SOURCE DATA:
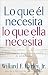 Lo Que El Necesita, Lo Que Ella Necesita/ His Needs, Her Needs: Construye un matrimonio a prueba de infidelidades/ Building an Affair-Proof Marriage (Spanish Edition)
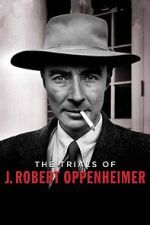 Watch The Trials of J. Robert Oppenheimer Wootly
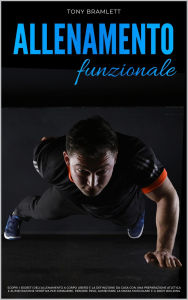 Title: Allenamento Funzionale: Scopri i Segreti dell'Allenamento a Corpo Libero e la Definizione da Casa con una Preparazione Atletica e Alimentazione Sportiva per la Massa Muscolare e il Body Building, Author: Tony Bramlett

TASK INSTRUCTIONS:
Drop the images and repeat the data exactly.

COMPLETED EXERCISE:
 Lo Que El Necesita, Lo Que Ella Necesita/ His Needs, Her Needs: Construye un matrimonio a prueba de infidelidades/ Building an Affair-Proof Marriage (Spanish Edition)
 Watch The Trials of J. Robert Oppenheimer Wootly
 Title: Allenamento Funzionale: Scopri i Segreti dell'Allenamento a Corpo Libero e la Definizione da Casa con una Preparazione Atletica e Alimentazione Sportiva per la Massa Muscolare e il Body Building, Author: Tony Bramlett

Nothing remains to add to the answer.